皆さんもご存じのように、これまで、事あるごとに、Jリーグのテレビ中継における「寄り過ぎのカメラ・ワーク」について苦言を呈してきました。

 もう、かなりの頻度で、このテーマを取りあげて書いてきた。それでも、改善されないゲームが、まだまだ多すぎる。

 このコラムは、プレシーズンマッチを観ての感想です。

 もちろん、しっかりと「考えて」カメラワークをマネージしている方々がいることは知っています。でも、そんな優れたカメラワークが主流になっていかない。どして??

 とにかく、フラストレーションが溜まりに溜まっちゃうんですよ。イチバン楽しみたい「ボールがないところでのエキサイティングなドラマ」が観られないんだからね。

 まさに、半径20-30メートルといった寄り過ぎのカメラワーク。そして、ボールの動きに合わせて、カメラを「ブン回す」んだ。ホント、フザケンナよ〜・・だよね。彼らには、視聴者の「楽しみ」を奪う権利なんてないでしょ。

 そんな、ボールの動きばかりを「追いかける」カメラワークだから、当然の帰結として、ボールがないところでの、パスレシーバーとディフェンダーのせめぎ合い(だまし合い)は、まったくといっていいほど楽しめない。

 そしてカメラは、出された(ロング)パスを追いかけ、次の瞬間には、ディフェンダーか、攻撃側のパスレシーバーのどちらかが「先に」ボールに追いつくシーンが目に入ってくる。そう、「結果」しか観られないカメラワーク。フ〜〜・・

 サッカー中継カメラワークの「質」だけれど、何といっても、UEFAチャンピオンズリーグが素晴らしい。まあ、イングランドで行われるゲームを除いてだけれど・・ね。

 UEFAチャンピオンズリーグの中継を任されているディレクター&カメラマン諸氏は、ボール周りのドラマだけじゃなく、ボールがないところでの、スペースをめぐるせめぎ合いまで、とてもタイミングよく「カメラ内に収め」ちゃうんだよ。

 カメラマン(もちろんディレクターも!)は、サッカーを知っている。

 だから、ショート&ショート・・という展開が「予想」されるシーンではカメラを寄せ、ロングパスが出るような展開に「なりそう」になったら、すぐにカメラを「引いて」、遠くの、ボールがないところでのせめぎ合いをカメラに収めちゃう。

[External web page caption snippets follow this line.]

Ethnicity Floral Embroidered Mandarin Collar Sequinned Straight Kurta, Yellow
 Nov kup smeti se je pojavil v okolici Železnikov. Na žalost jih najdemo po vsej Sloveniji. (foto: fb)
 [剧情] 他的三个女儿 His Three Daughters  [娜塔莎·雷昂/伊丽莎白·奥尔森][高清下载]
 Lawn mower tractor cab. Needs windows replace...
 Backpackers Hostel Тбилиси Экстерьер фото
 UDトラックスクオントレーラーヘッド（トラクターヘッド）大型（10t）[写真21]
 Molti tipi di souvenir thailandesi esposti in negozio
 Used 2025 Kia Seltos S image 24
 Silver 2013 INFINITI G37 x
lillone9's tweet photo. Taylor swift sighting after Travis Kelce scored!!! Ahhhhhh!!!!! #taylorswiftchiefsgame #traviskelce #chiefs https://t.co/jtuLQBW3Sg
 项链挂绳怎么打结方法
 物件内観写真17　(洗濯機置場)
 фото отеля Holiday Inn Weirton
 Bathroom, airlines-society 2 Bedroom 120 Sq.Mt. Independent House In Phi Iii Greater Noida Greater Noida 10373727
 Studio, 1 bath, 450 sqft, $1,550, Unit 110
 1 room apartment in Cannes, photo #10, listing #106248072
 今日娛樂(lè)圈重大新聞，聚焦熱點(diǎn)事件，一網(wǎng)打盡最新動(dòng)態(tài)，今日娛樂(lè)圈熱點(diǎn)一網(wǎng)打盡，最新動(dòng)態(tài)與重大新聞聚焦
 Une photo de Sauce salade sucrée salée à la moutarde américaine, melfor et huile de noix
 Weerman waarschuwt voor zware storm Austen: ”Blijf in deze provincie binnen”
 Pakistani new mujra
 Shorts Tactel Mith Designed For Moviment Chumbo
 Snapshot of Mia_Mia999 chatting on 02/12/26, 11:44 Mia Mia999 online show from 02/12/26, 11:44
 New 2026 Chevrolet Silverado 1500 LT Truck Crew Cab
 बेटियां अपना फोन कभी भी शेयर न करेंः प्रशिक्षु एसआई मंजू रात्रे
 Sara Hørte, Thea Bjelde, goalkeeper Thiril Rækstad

 それに対して「J」のテレビ中継では、まだまだ多くのゲームが、半径20-30メートルという「寄り過ぎのカメラワーク」が多いと思うのですよ。

 だからプレシーズンマッチは、フラストレーションが溜まるから、あまり観てない。

 まあ・・ね、とはいっても、たしかに全てのテレビ中継を観ているわけじゃないから、「十把一絡げ」でモノを語るのはフェアじゃない・・という、ちょっと後ろめたい感覚もあります。

 「J」中継のなかには、とても素晴らしいカメラワークもあるわけですからね。でもネ・・フ〜〜・・

 そうそう・・、先ほど、テレビ関係の知り合いの方とランチをご一緒させてもらったんですよ。その席でも、もちろんカメラワークの話題になった。

 そこで彼が言うには、ボールがないところのドラマまで視野に入れるようなカメラワークの場合、サッカーを知らない上司から、後で、「そんなアングル じゃ、視聴率を取れないだろ・・視聴者は、もっと身近にプレイヤーと彼のボールコントロールを観たいはずなんだから・・」などと叱責されることがあるらし い。

 ナルホド・・。それでは、ディレクターの方も、カメラマンの方も、引いたアングルでの映像作りには二の足を踏むだろうな〜・・

 まあ、実際のところは分かりません。とにかく、ホンモノの「サッカー観戦文化」を浸透させたい(私も、テレビ観戦でもある程度は満足したい!?)と思っていることだけは主張したく、こんなコラムをアップした次第。

 どうだろうネ〜、「J」中継のテレビ映像作りを改善するためには、やっぱり、視聴者の方々から、寄り過ぎのカメラワークに対する「目立ったブーイング」の起きる必要があるということなんだろうね。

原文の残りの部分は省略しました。